Die Beschwerdeführer haben ihre Asylerstreckungsanträge vor dem 1.5.2004 gestellt; die Verfahren waren am 31.12.2005 anhängig; sie sind daher grundsätzlich nach dem Asylgesetz 1997 idF BGBl. I Nr. 126/2002 zu führen.
2.1.3. Gemäß § 75 Abs. 7 Z 1 Asylgesetz 2005 idF Art. 2 BG BGBl. I 4/2008 sind Verfahren, die am 1.7.2008 beim unabhängigen Bundesasylsenat anhängig sind, vom Asylgerichtshof weiterzuführen; Mitglieder des unabhängigen Bundesasylsenates, die zu Richtern des Asylgerichtshofes ernannt worden sind, haben alle bei ihnen anhängigen Verfahren, in denen bereits eine mündliche Verhandlung stattgefunden hat, als Einzelrichter weiterzuführen.
Da im Verfahren über die Berufung des M.M. vor dem 1.7.2008 eine mündliche Verhandlung, an der auch die Beschwerdeführer als Beteiligte teilgenommen haben, vor einem Mitglied des unabhängigen Bundesasylsenates stattgefunden hat, das zum Richter des Asylgerichtshofes ernannt wurde, ist davon auszugehen, dass dieses auch die gegenständlichen Verfahren als Einzelrichter fortzuführen hat.
2.2. Gemäß § 10 Abs. 1 AsylG begehren Fremde mit einem Asylerstreckungsantrag die Erstreckung des einem Angehörigen aufgrund eines Asylantrages oder von Amts wegen gewährten Asyls.
Gemäß § 10 Abs. 2 leg.cit. können Asylerstreckungsanträge frühestens zur selben Zeit wie der der Sache nach damit verbundene Asylantrag eingebracht werden. Sie sind nur für Eltern eines Minderjährigen oder für Ehegatten und minderjährige unverheiratete Kinder zulässig; für Ehegatten überdies nur dann, wenn die Ehe spätestens innerhalb eines Jahres nach der Einreise des Fremden geschlossen wird, der den Asylantrag eingebracht hat. Nach Judikatur des Verwaltungsgerichtshofs ist im Asylerstreckungsverfahren bezüglich des Zulässigkeitskriteriums der Minderjährigkeit auf den Zeitpunkt des Asylerstreckungsantrages abzustellen (Vgl.
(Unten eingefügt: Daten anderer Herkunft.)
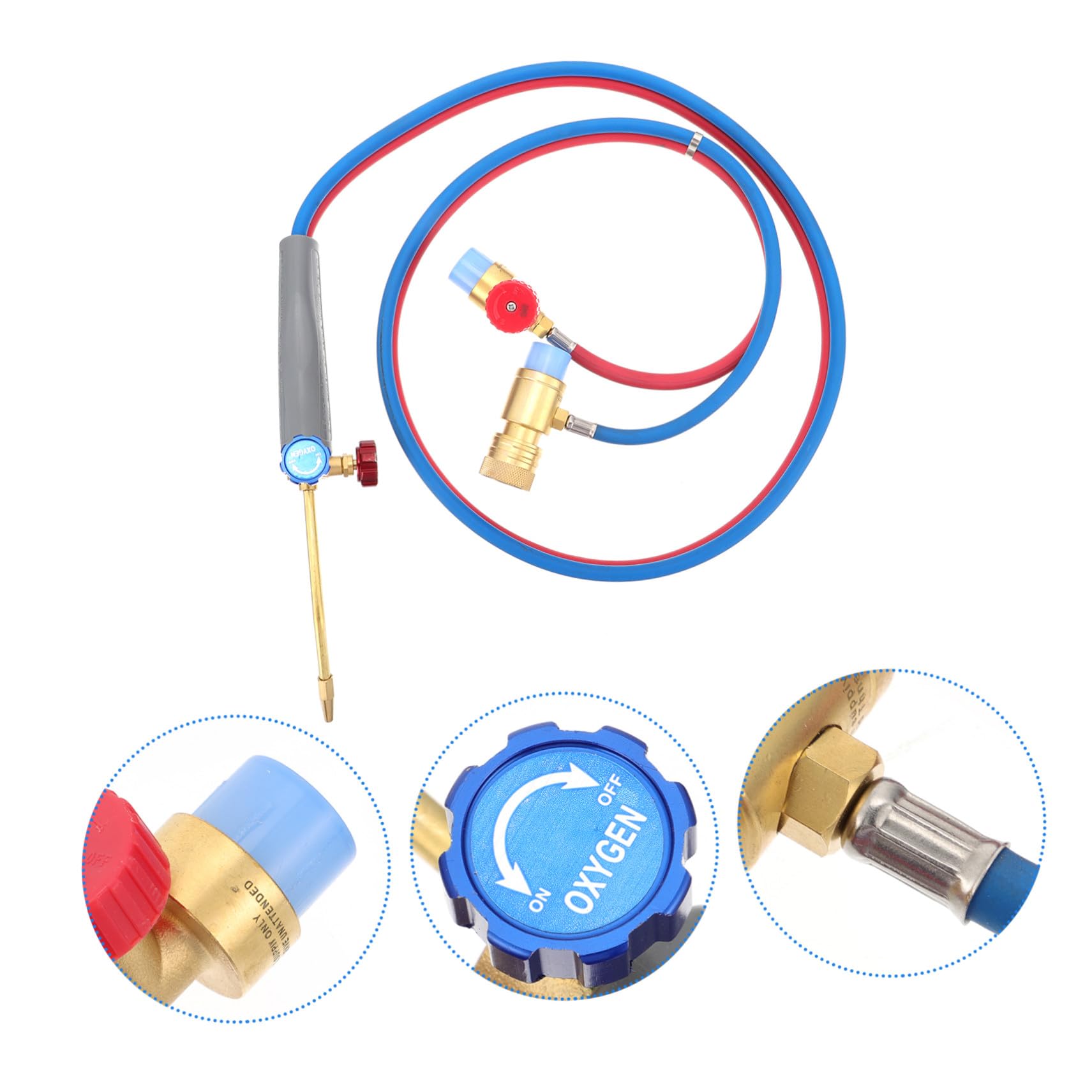 Lurrose Antorcha de Gas de Cobre y Goma y Mangueras Flexibles Mini para Soldar con Llama Regulable y Portátiles para Trabajos de Soldadura Detallados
VwGH vom 23.1.2003, Zl. 2001/01/0429).
Gemäß § 11 Abs. 1 leg.cit. hat die Behörde aufgrund eines zulässigen Antrages durch Erstreckung Asyl zu gewähren, wenn dem Asylwerber die Fortsetzung eines bestehenden Familienlebens im Sinne des Artikels 8 der Europäischen Konvention zum Schutze der Menschenrechte und Grundfreiheiten EMRK, BGBl. Nr. 210/1958, mit dem Angehörigen in einem anderen Staat nicht möglich ist.
Asyl durch Erstreckung kann sohin lediglich dann gewährt werden, wenn der diesbezügliche Antrag zulässig ist, einem der in § 10 Abs. 2 AsylG genannten Angehörigen des Asylwerbers aufgrund eines Asylantrages oder von Amts wegen Asyl gewährt wurde und die Fortsetzung eines bestehenden Familienlebens im Sinne des Artikels 8 der EMRK mit dem Angehörigen in einem anderen Staat nicht möglich ist.
3. Da keine Anhaltspunkte dafür bestehen, dass M.M. ein Familienleben mit den Beschwerdeführern in einem anderen Staat möglich wäre und in Hinblick auf die Beschwerdeführer auch keine Asylausschlussgrund hervorgekommen ist, war den Beschwerdeführern vor dem Hintergrund der getroffenen Feststellungen Asyl durch Erstreckung zu gewähren.
Gemäß § 12 AsylG war Entscheidung über die Asylgewährung mit der Feststellung zu verbinden, dass den Beschwerdeführern damit kraft Gesetzes die Flüchtlingseigenschaft zukommt.